Getting Started - Wx-Alliance-Alliance-Meteo/paradis_model GitHub Wiki
Getting Started: Training and Forecasting with PARADIS
Welcome! This guide walks you through setting up your environment, training the model, and generating forecasts using PARADIS.
Pre-requisites
Necessary python packages can be installed via pip install -r requirements.txt
Obtaining a compatible dataset
Download the original dataset from WeatherBench 2:
cd scripts
bash download_dataset.sh OUTPUT_DIR
where OUTPUT_DIR
is the destination directory and then preprocess it
python scripts/preprocess_weatherbench_data.py -i /path/to/ERA5/5.625deg_wb2 -o /path/to/ERA5/5.65deg
Running PARADIS
For training and forecasting, the configuration file, located in the config/
directory, provides the default list of hyperparameters and options.
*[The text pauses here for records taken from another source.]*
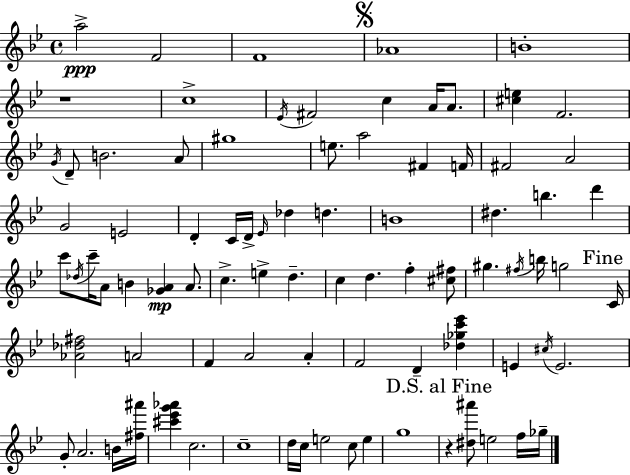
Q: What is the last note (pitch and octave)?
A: Gb5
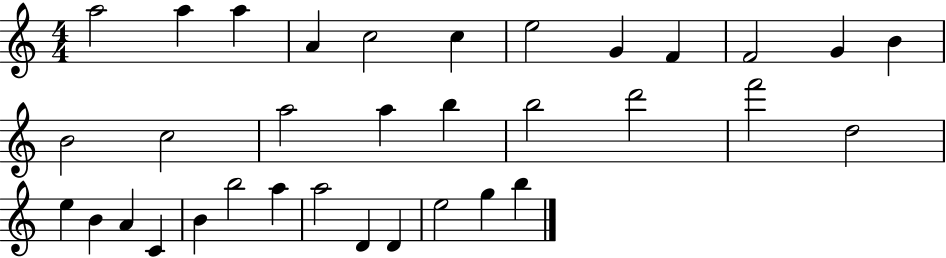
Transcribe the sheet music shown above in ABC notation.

X:1
T:Untitled
M:4/4
L:1/4
K:C
a2 a a A c2 c e2 G F F2 G B B2 c2 a2 a b b2 d'2 f'2 d2 e B A C B b2 a a2 D D e2 g b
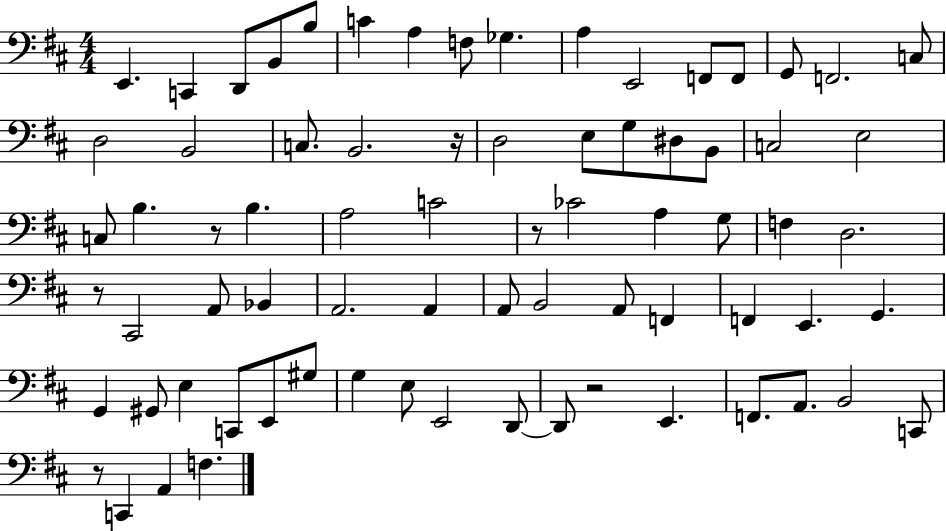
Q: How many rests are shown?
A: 6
A short description of these parameters is provided in that file.
Training
An example running script to generate a training at low resolution can be
# Define the dataset path
root_dir=PATH/TO/DATASET
python train.py \
dataset.root_dir="${root_dir}" \
dataset.n_time_inputs=2 \
compute.batch_size=32 \
compute.use_amp=True \
compute.num_devices=1 \
compute.num_workers=10 \
training.log_every_n_steps=10 \
training.print_losses=False \
training.max_epochs=30 \
training.dataset.start_date=2010-01-01 \
training.dataset.end_date=2015-12-31 \
training.validation_dataset.start_date=2020-01-01 \
training.validation_dataset.end_date=2020-12-31 \
training.optimizer.lr=3e-3 \
training.scheduler.wsd.warmup=0.1 \
training.scheduler.wsd.decay=0.2 \
training.loss_function.type=reversed_huber \
normalization.standard=true
For faster training at low resolutions, you may set the options training.dataset.preload=True
and training.validation_dataset.preload=True
to keep the dataset in CPU memory and avoid frequent disk reads.
Forecasting
The following script generates a forecast with the above trained model for the year 2020. Results are stored at results/forecast.zarr
. A checkpoint from the training section is required.
root_dir=PATH/TO/DATASET
checkpoint_path=PATH/TO/CHECKPOINT
/python forecast.py \
dataset.root_dir="${root_dir}" \
dataset.n_time_inputs=2 \
model.forecast_steps=1 \
compute.use_amp=True \
compute.num_devices=1 \
compute.num_workers=5 \
forecast.enable=true \
forecast.start_date=2020-01-01T00:00:00 \
forecast.end_date=2020-12-31T00:00:00 \
forecast.output_file='results/forecast.zarr' \
training.dataset.start_date=2020-01-01 \
training.dataset.end_date=2021-01-02 \
init.checkpoint_path=${checkpoint_path}
Visualizing Results & Post-Processing
A notebook with detailed steps on computing root-mean-square error (RSME) is available in the scripts
directory.